For any network call it is best practice to set a timeout and error out if a response is not received in time. Timeouts prevents the client from infinitely waiting for a remote that may never respond, for example when a network failure prevents the client from reaching the remote, or when the remote is offline.
The common practice is to set a timeout on a point-to-point basis, between each client microservice and the remote microservice that it calls. Although easy to implement, this is an anti-pattern that results in improper system behavior.
In this first example, microservice X
is setting a shorter timeout than microservice Y
, resulting in microservice Z
performing work that is no longer needed.
In the second example, all microservices set a 1 minute timeout. Nevertheless, microservices W
and X
time out while microservice Z
is still working. There is no way to tell microservice Z
to stop.
In both cases the issue stems from the fact that upstream services do not have visibility into what’s happening downstream.
A time budget introduces a deadline for the entire transaction DAG to complete. The deadline is set at the root and propagated downstream. Every microservice therefore knows when the transaction will time out and so all microservices can abort at the same time.
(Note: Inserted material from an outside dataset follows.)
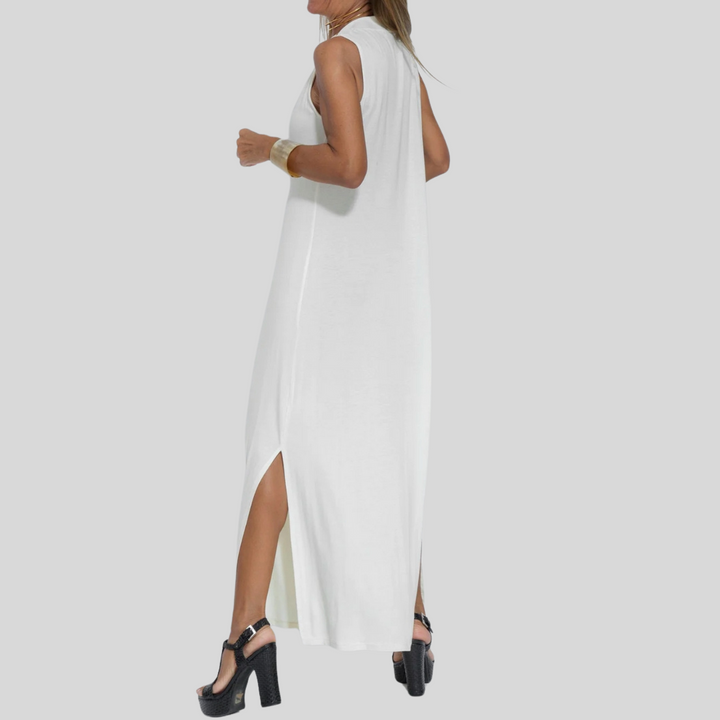 Azaria | Damen Ärmellos Kleid | Maxi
The typical way to implement a time budget is to pass along a timestamp by which the transaction must end. However, one must consider that microservices may run on different hardware whose clocks are not fully in-sync. To deal with potential clock skew, the deadline is passed as a duration that gets depleted, hence the terminology “budget”.
In the following example, microservices Y
will have completed its work at the 45 sec mark while microservices Z
, X
and W
will have all timed out at the 60 sec mark.
If you look closely at the code you’ll notice that the budget is decreased somewhat with each hop. This compensates for the network latency.
The time budget is set at the root of the transaction. For incoming HTTP requests, the root is the HTTP ingress proxy which by default sets the time budget to 20 secs. This may seem quite short but the philosophy is that most users expect a response within 2 secs or less and they will hit the refresh button long before 20 secs pass. If something takes long to process, it should probably be handled asynchronously.
It is possible to configure the time budget set by the ingress proxy and it is possible to have multiple proxies with different budgets, e.g. one for user-facing requests and one for internal requests. In addition, the HTTP ingress proxy respects the Request-Timeout
header and will set the time budget to match.
In addition to the time budget, the depth of the call stack is also propagated downstream, incremented by 1 on each network hop. The framework will error out if the call stack depth reached a level of 64 nested calls, which most likely indicates an infinite loop.